If you’ve been following this blog for a while, you’ll know that one key ongoing performance issue I refer to is that created by costs associated with walking dense filesystems as part of backups.
One area that people sometimes don’t take into consideration is the implications of backing up filesystems that use HSM – Hierarchical Storage Management. In a HSM environment, files are migrated from primary to secondary (or even tertiary) storage based on age and access times. In order to make this seamless to the user, a small stub file with the same name is left behind on the filesystem. Therefore if a user attempts to access the file, they trigger a read from HSM storage.
So, in order to free up space (for more storage) on primary disk, big files are migrated, with tiny files being left behind. Over time, more big files are removed, and more tiny files left behind. You may understand where I’m heading now: this high number of little files can result in performance issues for the backup. Obviously, HSM systems are configured so that they recognise backup agents, and the stub is backed up rather than the original file being pulled back, so we’re not concerned about say, backing up 4TB for a 1TB filesystem with HSM; instead, our concern is that the cost of walking a big filesystem with an inordinately large number of small files will seriously impede the backup process.

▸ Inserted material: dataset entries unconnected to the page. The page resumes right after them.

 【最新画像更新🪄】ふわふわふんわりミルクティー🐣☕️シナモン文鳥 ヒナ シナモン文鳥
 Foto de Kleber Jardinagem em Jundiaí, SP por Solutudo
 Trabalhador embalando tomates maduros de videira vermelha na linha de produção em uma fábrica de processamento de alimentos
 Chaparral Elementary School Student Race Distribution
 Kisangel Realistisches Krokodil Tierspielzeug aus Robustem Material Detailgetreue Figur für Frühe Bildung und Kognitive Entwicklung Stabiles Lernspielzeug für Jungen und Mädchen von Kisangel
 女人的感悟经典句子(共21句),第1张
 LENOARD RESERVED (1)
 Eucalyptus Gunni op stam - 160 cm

If you’re planning HSM, think very carefully about how you’re going to backup the resulting filesystem.
(Coming soon: demonstrations of the impact of dense filesystems on backup performance.)
Hi
Could not agree more. Backing up file stubs is a royal pain.

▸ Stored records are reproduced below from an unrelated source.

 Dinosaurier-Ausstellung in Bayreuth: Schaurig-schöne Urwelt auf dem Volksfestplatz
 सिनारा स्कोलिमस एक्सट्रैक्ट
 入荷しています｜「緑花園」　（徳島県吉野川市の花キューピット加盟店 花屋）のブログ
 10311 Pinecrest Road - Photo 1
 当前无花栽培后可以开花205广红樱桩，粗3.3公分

Disk Extender and others (Storage Migrator etc) that “require” you to backup these stubs should reconsider how things are done.

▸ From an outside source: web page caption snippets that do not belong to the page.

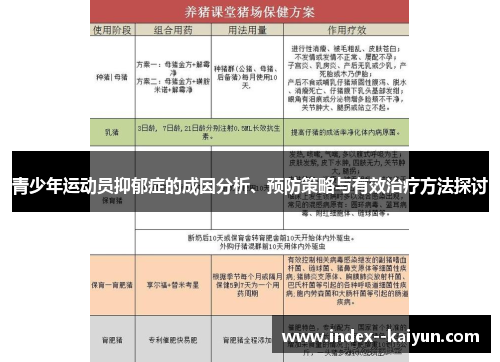 青少年运动员抑郁症的成因分析、预防策略与有效治疗方法探讨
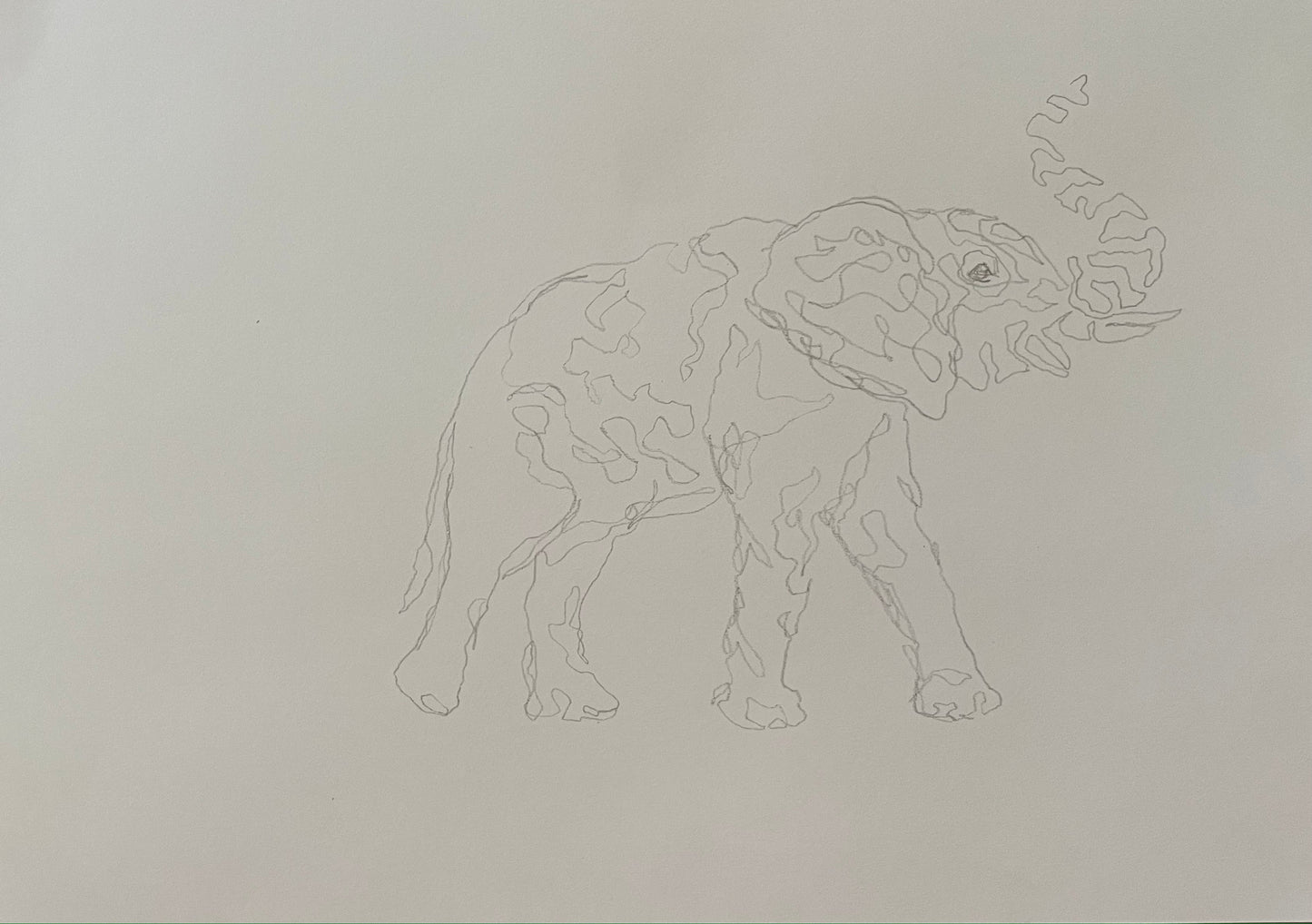 Elephant migration line drawing I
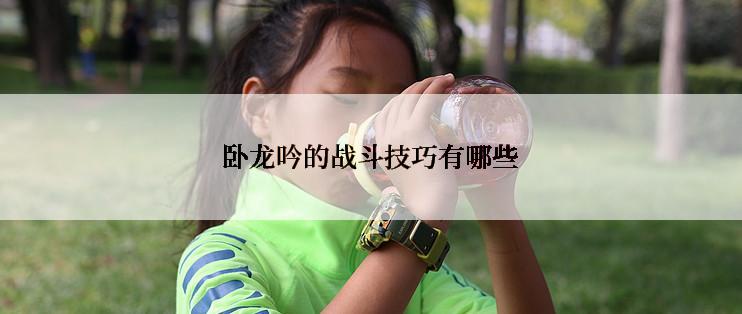 卧龙吟的战斗技巧有哪些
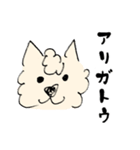 うちのもふ犬（個別スタンプ：1）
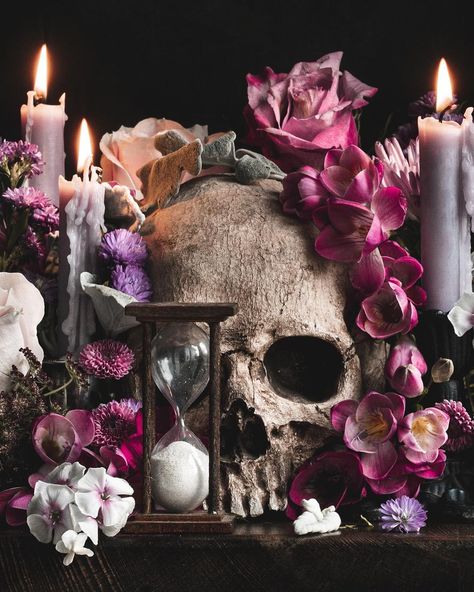 Alyssa Thorne on Instagram: “❣️Please swipe for full piece!❣️ This is a work I made in collaboration with my lovely friend @graveyardwanders - who provided the…” Vanitas Paintings, Foto Art, A Skull, Memento Mori, Still Life Painting, Art Plastique, Giclee Art, Giclee Art Print, Dark Art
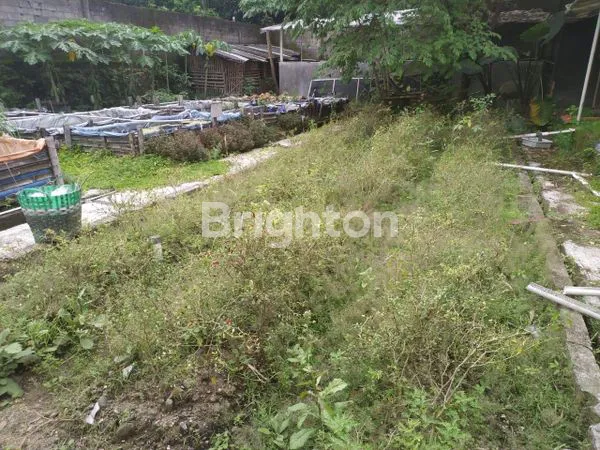 image GUDANG PERTERNAKAN DAN PERKEBUNAN (4)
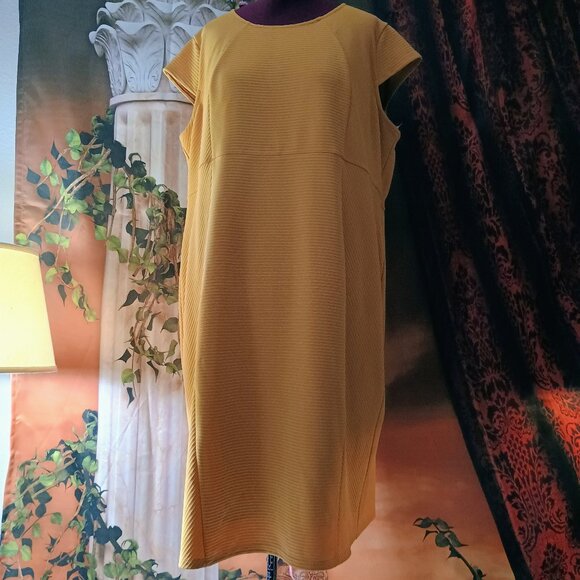 Cato Dresses & Skirts - NWOT: Cato Sze 26W Mustard Ribbed Dress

Having worked with other HSM systems for a long time I know that there are other ways to accomplish this. Take SAM-FS (LSC|SUN|IBM?) for example.
Being a filesystem it has control of a lot of aspects that the HSM systems that are layered on top of another filesystem cannot have. Therefore doing backup of a SAM-FS filesystem is done by running the filesystem “dump” (actually samfsdump) command to do a backup. Send that dump to appropriate media, tape – NFS mount or whatever it is just a file. And not unreasonably large one at that. And quite fast.
So when HSM is “done right” it can actually work.
Preston, when you look into doing your demos, I’d be interested in your thoughts regarding the HSM implications for NDMP backups. We’re a Celerra shop doing NDMP backups and are close to implementing an archive solution with Centera and the Rainfinity FMA.